Mapper capability development: DMA theft, Register Spying

Discuss hardware-related topics, such as development cartridges, CopyNES, PowerPak, EPROMs, or whatever.

Moderator: Moderators

Post Reply
User avatar
Myask
Posts: 965
Joined: Sat Jul 12, 2014 3:04 pm

Mapper capability development: DMA theft, Register Spying

Post by Myask »

Memblers wrote:The OAM data shows up on the data bus, so a cart can interact with it. I think that would be a neat way to copy data to the mapper, but that's for another topic. :)
DMA theft? Sure, why not.

pseudocode for verilog
0. wait for enable/ 0b. wait for write of destination to mapper
1. on next write of #$xx to $4014 (requires all CPU address lines!! And data lines, since we want to spy.)...
2. for yy = 0...$ff
3. wait for CPU_ADDR = $xxyy [alternately, $2004]
4. copy CPU_DATA to [destination]+yy on cart
===
Meanwhile, register-spying, as it would mainly require memory space, having included all of
on read/write to 1'b001x_xxxx_xxxx_xyyy
--copy to memory
(If 2005/6, twiddle address latch; on 2002 read, clear it)
on read/write to 1'b0100_0000_000y_yyyy
--copy to memory

Then, make accessible (on $4018? $4019? $4009? $400D?) after writing for which register you want (there are only 30, but with several have multiple modes- 2005/6 have two bytes, 4016/7 have reads and writes with different meaning, plus we might want what the internal-scroll variables are or something)
tepples
Posts: 22819
Joined: Sun Sep 19, 2004 11:12 pm
Location: NE Indiana, USA (NTSC)
Contact:

Re: Mapper capability development: DMA theft, Register Spyin

Post by tepples »

Myask wrote:DMA theft [...] pseudocode for verilog
0. wait for enable/ 0b. wait for write of destination to mapper
1. on next write of #$xx to $4014 (requires all CPU address lines!! And data lines, since we want to spy.)...
2. for yy = 0...$ff
3. wait for CPU_ADDR = $xxyy [alternately, $2004]
4. copy CPU_DATA to [destination]+yy on cart
You don't need all pins. You just need M2, R/W, /ROMSEL, and A14-A12 to decode a $4xxx write and a $2xxx write.
  • The host program sets up mapper ports to receive the next DMA
  • The mapper decodes a write to $4000-$4FFF
  • If a write to $2000-$2FFF is not decoded within 8 cycles, cancel the request
  • The mapper decodes each of 256 writes to $2000-$2FFF
lidnariq
Site Admin
Posts: 11606
Joined: Sun Apr 13, 2008 11:12 am

Re: Mapper capability development: DMA theft, Register Spyin

Post by lidnariq »

I've been playing around with putting an ethernet IC – Microchip's ENC624J600 – in a NES cart.

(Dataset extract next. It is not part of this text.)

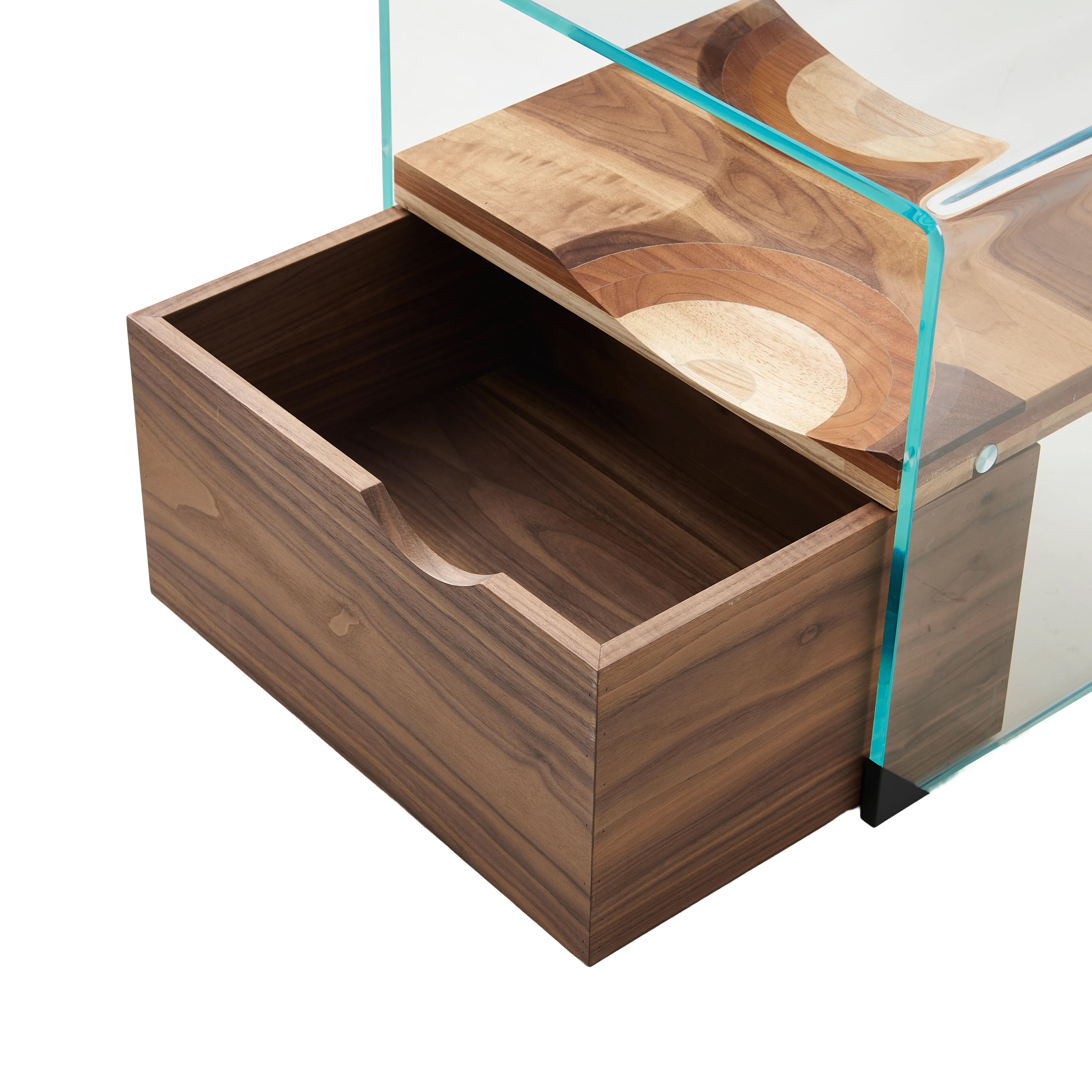 Kalif Bedside Table with Drawer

It has a bunch of indirect addresses that seem to be ideal for hijacking the NES's OAM DMA for, one of which is at a local-to-the-IC address of 0x7E84 (a post-increment indirect memory access), which isn't too hard to make appear overlapping with $2004.

My real problem is that I haven't figured out what getting data rapidly into this IC is useful for, especially since the rest of the IC's 24 KiB of RAM can be memory-mapped, so it's not like one'd want to assemble an ethernet packet in NES-local RAM and then copy it in.
zzo38
Posts: 1096
Joined: Mon Feb 07, 2011 12:46 pm

Re: Mapper capability development: DMA theft, Register Spyin

Post by zzo38 »

I have thought of DMA theft and register spying too, although there is still many more possibilities too. But another possibility I have thought of is just the DMA is used to access the range of memory in sequence, which the mapepr might somehow use
(Free Hero Mesh - FOSS puzzle game engine)
3gengames
Formerly 65024U
Posts: 2284
Joined: Sat Mar 27, 2010 12:57 pm

Re: Mapper capability development: DMA theft, Register Spyin

Post by 3gengames »

I could think of one: Tons of tiles being written to CHR-RAM. That alone would be worth it for a few people. Would allow for lots of smooth animation. CPU-Side preparation for it during gameplay would be pretty simple, too. As long as the update is in Vblank, you could take control of the chip entirely without worrying about bus collisions. Would be interesting to see.
lidnariq
Site Admin
Posts: 11606
Joined: Sun Apr 13, 2008 11:12 am

Re: Mapper capability development: DMA theft, Register Spyin

Post by lidnariq »

DMA to CHR-RAM either requires an FPGA that can entirely interpose the PPU's address bus, or using FPGA-internal block RAM.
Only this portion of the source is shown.